I easily would rate this movie a 9/10. "The Dead Zone" makes it into my top 20 best films of all time. This movie is very atmospheric, tragic and emotional. Christopher Walken is excellent in the lead role and Brooke Adams is quite believable as his lost love. I don't think this movie has aged poorly either. It's as good now as it was in the 80's. The film moves along at a good pace while developing the characters too. The love story is very genuine (rather than so many contrived romances in films) and that is the best part of the movie. Also, Martin Sheen plays his character in an over the top style but I wouldn't have it any other way. His character is one of the most despicable lunatics ever! Again, this film conveys a heartfelt love story, great peformances and an interesting adaptation with a palpable dilemma.

reply

You don't care for him. When his doctor says his powers will eventually kill him, you don't care. When you know he can't be with the woman he loves, you don't care. When he dies at the end, you don't care.

I cared. Johnny was a very sympathetic character for me. There's more than one way to set up a story. Most often the hero grows and changes, learning from the experience of the plot, but sometimes you have an unchanging hero-saviour figure who enters the story to alter the lives of others. Johnny is more the latter, though he does change over the course of the plot. He's an everyman, he receives an extraordinary gift at great personal cost, he resents it and hides from it, he comes to terms with it and uses it to effect good in the world. That's a progression. Andy Dufresne from The Shawshank Redemption is another example of this character type.

The serial killer plot is there to build from and set up the climax. It's important for Johnny's character because without it, he would not have acted on the other two visions. The child is there to show Johnny he can't hide from his gift or from his own compassion; he's a good person and he can't check out from the world because it was unfair to him.

I take your point about the doctor. He should have had an idea of what Johnny was planning. The rest of your "plotholes" don't hold water, as others have pointed out.

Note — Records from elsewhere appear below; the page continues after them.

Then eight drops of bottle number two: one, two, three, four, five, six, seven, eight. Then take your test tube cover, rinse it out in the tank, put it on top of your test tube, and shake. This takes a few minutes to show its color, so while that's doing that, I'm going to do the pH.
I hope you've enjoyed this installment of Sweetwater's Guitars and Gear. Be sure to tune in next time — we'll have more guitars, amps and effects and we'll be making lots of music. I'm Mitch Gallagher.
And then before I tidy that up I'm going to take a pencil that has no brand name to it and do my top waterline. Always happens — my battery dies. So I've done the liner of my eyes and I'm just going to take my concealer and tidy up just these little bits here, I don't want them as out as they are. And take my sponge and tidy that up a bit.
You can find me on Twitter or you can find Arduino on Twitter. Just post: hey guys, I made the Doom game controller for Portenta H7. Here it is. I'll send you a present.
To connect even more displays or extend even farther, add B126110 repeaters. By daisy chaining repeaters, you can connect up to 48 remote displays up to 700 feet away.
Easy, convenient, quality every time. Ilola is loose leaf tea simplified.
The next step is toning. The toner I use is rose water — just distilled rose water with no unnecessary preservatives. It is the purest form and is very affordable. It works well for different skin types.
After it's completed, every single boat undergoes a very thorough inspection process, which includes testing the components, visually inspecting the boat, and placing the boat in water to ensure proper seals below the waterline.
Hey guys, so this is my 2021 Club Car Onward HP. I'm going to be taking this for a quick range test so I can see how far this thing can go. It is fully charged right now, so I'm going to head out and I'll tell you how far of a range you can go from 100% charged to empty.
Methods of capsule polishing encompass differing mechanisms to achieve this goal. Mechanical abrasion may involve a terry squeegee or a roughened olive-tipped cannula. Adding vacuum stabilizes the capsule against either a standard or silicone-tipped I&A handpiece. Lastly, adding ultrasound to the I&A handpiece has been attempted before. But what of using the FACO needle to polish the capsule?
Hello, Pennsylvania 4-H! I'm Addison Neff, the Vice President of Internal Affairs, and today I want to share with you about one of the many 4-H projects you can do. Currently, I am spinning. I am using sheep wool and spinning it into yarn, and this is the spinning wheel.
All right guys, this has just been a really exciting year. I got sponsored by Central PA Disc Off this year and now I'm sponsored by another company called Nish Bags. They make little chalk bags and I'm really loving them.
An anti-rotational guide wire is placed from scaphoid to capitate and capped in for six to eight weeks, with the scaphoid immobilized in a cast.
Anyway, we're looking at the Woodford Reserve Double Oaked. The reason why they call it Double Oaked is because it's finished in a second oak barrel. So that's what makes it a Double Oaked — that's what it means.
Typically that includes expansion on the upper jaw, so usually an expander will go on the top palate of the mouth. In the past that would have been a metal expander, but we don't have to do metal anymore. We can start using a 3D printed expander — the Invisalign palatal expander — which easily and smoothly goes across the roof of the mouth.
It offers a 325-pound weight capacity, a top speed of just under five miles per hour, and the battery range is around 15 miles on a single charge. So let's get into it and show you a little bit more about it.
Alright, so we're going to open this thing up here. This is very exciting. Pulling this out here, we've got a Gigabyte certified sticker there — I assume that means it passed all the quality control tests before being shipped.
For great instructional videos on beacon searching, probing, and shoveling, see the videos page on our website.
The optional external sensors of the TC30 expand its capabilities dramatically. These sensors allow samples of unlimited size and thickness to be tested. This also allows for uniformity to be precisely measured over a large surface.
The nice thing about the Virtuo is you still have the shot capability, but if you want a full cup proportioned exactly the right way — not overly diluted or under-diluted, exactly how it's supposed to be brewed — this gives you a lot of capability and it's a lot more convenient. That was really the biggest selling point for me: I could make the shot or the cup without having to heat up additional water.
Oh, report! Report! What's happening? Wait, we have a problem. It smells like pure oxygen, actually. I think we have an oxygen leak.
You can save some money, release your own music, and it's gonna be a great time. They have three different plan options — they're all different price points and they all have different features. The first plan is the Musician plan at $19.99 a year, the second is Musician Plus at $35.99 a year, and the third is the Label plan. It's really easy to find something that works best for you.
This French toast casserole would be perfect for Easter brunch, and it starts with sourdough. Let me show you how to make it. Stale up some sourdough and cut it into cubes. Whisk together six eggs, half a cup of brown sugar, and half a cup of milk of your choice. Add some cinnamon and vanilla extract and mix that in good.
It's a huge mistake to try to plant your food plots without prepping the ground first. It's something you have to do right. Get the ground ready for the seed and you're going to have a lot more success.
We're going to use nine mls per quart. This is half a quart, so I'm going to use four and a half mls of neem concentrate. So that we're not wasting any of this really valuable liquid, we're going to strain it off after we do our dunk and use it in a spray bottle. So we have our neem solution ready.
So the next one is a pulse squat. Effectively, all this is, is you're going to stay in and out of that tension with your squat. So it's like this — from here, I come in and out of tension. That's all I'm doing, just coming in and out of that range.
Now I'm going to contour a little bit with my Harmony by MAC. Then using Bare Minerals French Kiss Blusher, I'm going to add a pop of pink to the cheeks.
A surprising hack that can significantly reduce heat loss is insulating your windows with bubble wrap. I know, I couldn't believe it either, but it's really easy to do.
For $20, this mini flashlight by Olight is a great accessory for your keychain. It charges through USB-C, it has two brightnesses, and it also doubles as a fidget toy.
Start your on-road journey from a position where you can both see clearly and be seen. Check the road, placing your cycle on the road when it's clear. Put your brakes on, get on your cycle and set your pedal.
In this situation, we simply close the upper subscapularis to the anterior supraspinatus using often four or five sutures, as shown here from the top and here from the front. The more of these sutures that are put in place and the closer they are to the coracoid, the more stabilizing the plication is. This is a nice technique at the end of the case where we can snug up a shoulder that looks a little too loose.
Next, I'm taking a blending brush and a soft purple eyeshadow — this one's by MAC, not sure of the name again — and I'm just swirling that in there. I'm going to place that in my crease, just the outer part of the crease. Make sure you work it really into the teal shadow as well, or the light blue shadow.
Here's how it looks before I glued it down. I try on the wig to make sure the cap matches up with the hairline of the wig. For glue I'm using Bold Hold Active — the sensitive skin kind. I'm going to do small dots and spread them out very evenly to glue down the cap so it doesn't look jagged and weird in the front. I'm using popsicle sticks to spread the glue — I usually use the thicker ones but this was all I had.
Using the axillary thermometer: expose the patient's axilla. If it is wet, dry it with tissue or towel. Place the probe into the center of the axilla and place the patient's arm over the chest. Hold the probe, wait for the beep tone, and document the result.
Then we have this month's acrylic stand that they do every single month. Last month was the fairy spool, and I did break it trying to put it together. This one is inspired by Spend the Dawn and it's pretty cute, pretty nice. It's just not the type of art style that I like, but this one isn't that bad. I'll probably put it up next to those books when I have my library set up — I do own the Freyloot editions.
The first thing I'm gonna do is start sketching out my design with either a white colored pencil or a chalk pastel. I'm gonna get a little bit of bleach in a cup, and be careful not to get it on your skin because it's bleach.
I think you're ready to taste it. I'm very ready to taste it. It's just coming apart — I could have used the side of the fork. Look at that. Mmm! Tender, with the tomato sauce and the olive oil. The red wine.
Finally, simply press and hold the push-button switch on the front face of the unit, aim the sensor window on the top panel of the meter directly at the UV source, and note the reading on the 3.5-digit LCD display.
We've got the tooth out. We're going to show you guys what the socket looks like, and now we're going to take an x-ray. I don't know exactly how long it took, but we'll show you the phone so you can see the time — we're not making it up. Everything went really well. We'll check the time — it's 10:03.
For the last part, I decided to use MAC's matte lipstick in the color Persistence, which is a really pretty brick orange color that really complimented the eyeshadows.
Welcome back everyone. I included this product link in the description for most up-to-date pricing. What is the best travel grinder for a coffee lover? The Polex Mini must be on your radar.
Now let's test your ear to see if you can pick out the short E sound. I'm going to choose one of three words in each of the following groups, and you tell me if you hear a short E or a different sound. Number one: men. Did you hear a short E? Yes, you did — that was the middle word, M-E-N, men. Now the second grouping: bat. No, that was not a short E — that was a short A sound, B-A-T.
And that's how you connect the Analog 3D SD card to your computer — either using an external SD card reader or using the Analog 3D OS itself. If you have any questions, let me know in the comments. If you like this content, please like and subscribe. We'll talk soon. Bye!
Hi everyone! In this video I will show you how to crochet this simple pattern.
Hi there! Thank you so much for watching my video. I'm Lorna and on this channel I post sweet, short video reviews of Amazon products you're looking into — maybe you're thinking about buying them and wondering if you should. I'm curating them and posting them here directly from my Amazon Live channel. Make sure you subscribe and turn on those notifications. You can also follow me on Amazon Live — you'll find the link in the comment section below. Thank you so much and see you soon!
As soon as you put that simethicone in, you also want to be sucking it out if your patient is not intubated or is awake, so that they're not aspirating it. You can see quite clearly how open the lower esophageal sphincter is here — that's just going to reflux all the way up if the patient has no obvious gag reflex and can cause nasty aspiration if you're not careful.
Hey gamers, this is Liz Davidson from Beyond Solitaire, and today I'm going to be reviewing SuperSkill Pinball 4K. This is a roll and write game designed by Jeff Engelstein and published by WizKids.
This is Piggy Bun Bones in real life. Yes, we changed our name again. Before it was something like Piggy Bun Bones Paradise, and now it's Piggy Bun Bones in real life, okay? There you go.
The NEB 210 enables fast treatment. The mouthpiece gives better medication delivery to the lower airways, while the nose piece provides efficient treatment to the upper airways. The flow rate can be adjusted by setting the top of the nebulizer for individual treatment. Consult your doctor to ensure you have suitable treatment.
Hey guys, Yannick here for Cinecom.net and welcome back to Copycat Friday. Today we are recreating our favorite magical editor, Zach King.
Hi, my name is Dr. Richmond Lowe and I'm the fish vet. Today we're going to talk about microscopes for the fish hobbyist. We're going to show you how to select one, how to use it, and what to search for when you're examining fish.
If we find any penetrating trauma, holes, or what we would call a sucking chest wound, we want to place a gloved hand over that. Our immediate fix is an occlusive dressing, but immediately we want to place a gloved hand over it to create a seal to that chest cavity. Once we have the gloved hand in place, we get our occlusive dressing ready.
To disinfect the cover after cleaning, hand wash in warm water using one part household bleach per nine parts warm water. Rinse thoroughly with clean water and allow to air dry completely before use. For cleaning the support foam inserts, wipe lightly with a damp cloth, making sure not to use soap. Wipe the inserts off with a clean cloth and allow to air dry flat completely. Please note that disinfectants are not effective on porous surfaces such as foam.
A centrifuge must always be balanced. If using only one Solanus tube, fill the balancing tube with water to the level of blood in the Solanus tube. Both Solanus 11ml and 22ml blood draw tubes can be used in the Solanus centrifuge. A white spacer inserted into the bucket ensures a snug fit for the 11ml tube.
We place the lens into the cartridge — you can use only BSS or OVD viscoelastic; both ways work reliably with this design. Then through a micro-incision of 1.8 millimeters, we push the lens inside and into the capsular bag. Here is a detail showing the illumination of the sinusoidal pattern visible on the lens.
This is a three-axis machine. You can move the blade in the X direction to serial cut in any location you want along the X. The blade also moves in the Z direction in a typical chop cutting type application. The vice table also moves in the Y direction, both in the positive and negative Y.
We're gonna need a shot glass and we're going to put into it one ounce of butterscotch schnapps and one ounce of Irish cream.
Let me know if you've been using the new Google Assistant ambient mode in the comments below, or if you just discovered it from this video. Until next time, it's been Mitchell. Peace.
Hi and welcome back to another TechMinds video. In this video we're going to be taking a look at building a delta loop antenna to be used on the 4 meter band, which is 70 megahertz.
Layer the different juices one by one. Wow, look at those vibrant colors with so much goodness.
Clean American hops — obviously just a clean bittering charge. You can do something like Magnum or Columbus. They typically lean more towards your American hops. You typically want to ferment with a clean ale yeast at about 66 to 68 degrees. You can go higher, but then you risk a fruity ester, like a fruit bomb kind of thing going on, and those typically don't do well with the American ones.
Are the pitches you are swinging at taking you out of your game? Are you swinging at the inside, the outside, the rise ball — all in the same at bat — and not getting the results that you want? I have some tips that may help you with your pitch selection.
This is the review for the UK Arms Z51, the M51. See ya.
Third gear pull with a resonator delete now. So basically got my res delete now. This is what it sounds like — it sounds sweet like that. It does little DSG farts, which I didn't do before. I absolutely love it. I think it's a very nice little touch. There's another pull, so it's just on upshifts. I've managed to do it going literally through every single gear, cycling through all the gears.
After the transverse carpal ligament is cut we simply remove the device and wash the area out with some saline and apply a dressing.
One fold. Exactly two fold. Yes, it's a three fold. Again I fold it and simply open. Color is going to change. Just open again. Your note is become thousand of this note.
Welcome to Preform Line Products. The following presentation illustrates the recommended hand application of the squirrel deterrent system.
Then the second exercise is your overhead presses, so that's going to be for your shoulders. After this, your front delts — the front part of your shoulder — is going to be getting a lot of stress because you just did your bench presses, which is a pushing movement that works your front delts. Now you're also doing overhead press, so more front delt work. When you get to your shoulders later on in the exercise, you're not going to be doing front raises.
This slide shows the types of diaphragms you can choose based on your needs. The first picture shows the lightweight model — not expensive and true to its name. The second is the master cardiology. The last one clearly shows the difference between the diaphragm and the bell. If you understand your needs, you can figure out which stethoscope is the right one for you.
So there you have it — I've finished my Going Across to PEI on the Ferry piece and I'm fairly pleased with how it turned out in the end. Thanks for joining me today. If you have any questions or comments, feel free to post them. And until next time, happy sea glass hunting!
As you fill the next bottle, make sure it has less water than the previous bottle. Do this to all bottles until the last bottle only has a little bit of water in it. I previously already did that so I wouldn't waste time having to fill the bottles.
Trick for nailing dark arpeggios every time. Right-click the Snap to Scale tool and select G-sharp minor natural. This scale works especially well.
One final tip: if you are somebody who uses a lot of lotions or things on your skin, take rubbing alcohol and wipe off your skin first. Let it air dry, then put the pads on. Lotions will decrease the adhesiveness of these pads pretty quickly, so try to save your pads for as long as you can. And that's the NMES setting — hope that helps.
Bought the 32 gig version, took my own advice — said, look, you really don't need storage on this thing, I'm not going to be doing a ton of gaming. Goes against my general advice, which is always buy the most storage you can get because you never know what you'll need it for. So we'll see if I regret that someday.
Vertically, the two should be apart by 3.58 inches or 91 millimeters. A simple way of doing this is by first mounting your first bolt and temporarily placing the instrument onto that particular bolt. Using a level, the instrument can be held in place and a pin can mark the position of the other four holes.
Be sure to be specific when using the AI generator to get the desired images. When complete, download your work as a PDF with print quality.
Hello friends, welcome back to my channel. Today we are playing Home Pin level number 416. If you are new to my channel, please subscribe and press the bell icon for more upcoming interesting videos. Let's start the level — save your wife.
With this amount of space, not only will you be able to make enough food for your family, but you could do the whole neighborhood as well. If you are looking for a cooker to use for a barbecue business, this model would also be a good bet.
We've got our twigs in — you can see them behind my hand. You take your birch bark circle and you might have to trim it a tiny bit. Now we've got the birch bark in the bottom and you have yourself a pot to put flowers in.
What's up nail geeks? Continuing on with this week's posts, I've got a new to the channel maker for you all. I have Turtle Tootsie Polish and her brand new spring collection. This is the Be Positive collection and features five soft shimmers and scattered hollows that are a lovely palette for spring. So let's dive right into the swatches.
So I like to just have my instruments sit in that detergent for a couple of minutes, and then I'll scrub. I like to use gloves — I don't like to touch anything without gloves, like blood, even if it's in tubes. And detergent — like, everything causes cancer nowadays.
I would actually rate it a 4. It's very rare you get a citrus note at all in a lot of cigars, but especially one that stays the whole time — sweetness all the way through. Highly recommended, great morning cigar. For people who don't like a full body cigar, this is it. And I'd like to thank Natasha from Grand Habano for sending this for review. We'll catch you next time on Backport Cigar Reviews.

"It's that kind of idiocy that I empathize with." ~David Bowie

reply

Just because you didn't care about the characters doesn't mean no one else does, so you should change all of your comments to "I didn't care when..."

And the doctor DID put two and two together about him considering killing someone but he chose not to stop him. Obviously his "episodes" were legitimate so he wouldn't be talking out of his a$$ about it. But if their theory was that he was dying anyway and whomever he was talking about was going to commit atrocities comparable to Hitler then what good would it do to stop him? They both clearly felt he had no choice.

It's fine if you don't like the movie but I think some if it you just didn't understand.


"Why couldn't the monkey arrange this from INSIDE the garbage can?"

reply

I gave this movie a 10 and Walken's character was absolutely sympathetic to me. Its one of my favorite movies because it is so emotional and sad. To say the movie didn't follow the typical script formula and that it jumps around only reflects Johnny's life and how nothing in it has order or makes sense anymore. This movie leads you down more of an emotional path then a "logical", or structured one. This man lost everything but you find that unsympathetic? What do you find sympathetic then?